I'm in, wish I could step up to the plate and run one...  Wife would kill me... not that she tells me what to do or not to do...


----------



## Jmhoff10500 (Nov 5, 2010)

I would be willing to run it and even tried once, but i couldn't solidify the best route to go... Since i live in Provo Utah (where the storefront is) I would have to pay tax but not shipping so we would want to go with the cheapest way possible. If that cheapest way is shipping out of state, and not paying tax, then it would not be feasible for me to do it. This is unless the person out of state would want to ship it back to me which i wouldn't want to be responsible for something like that being lost in the mail when going from point A to B, Then to C, Back to A, then finally to D...

On the other side, it would be very easy for me to work out logistics because i am already in there at least twice a month and if i need to go more, its like 4 minutes away... I can also pick it up, and have it shipped that much sooner as well as sort out and problems very easy. If you guys want me to shoot for getting one going, i will do my best, or if someone else would want to lead it up, i can help in any way possible... After all, im just a student and once i finish up tests, i will have nothing to do for like 3 months...


----------



## HSTurning (Nov 7, 2010)

If you pick it up you will have to pay the taxes.


----------



## Jmhoff10500 (Nov 7, 2010)

HSTurning said:


> If you pick it up you will have to pay the taxes.
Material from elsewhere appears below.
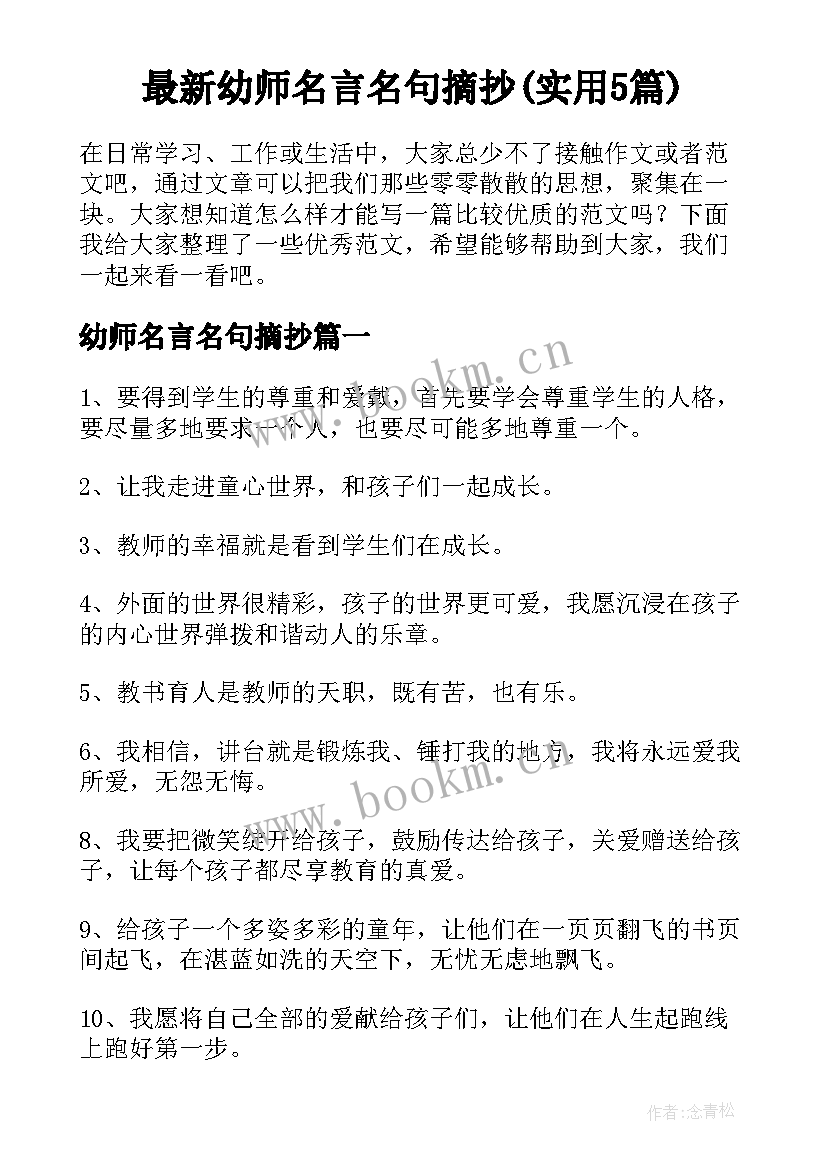 最新幼师名言名句摘抄(实用5篇)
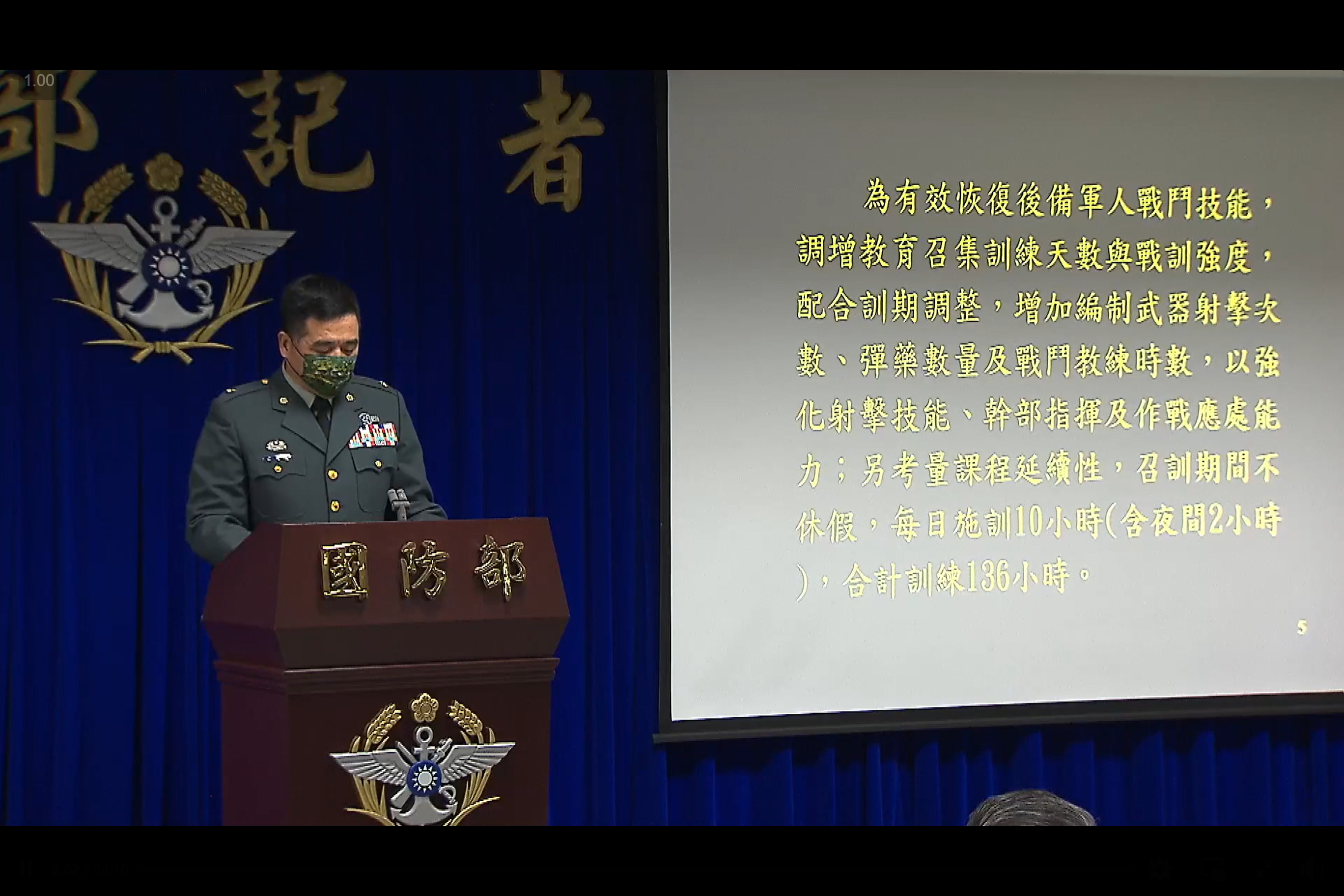 新制教召周末上路 國防部:考慮後備納入標槍飛彈訓練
Yeah, and i couldn't figure out if that would cost more than shipping or if it would mess too much with the discount percentages so it just didn't work out...


----------



## Monty (Nov 8, 2010)

Jmhoff10500 said:


> HSTurning said:
> 
> 
> > If you pick it up you will have to pay the taxes.
> ...


Don't know what the sales tax rate is in Utah, but past GBs to CSUSA have easily been in the 5-10K range. Figure your tax on that and see what you get.


----------



## GoodTurns (Nov 8, 2010)

looks like the rate in Provo is 6.75%... shipping out of state would be cheaper for the volume a group buy would generate.


----------



## GoodTurns (Nov 8, 2010)

Does anyone have an up to date price spreadsheet for CSUSA?  I called and they claim to not be able to dump their prices to a data file.  I have a sheet, but it's out of date.


----------



## Monty (Nov 8, 2010)

GoodTurns said:


> Does anyone have an up to date price spreadsheet for CSUSA?  I called and they claim to not be able to dump their prices to a data file.  I have a sheet, but it's out of date.


Only one's I know of are more than a year old.


----------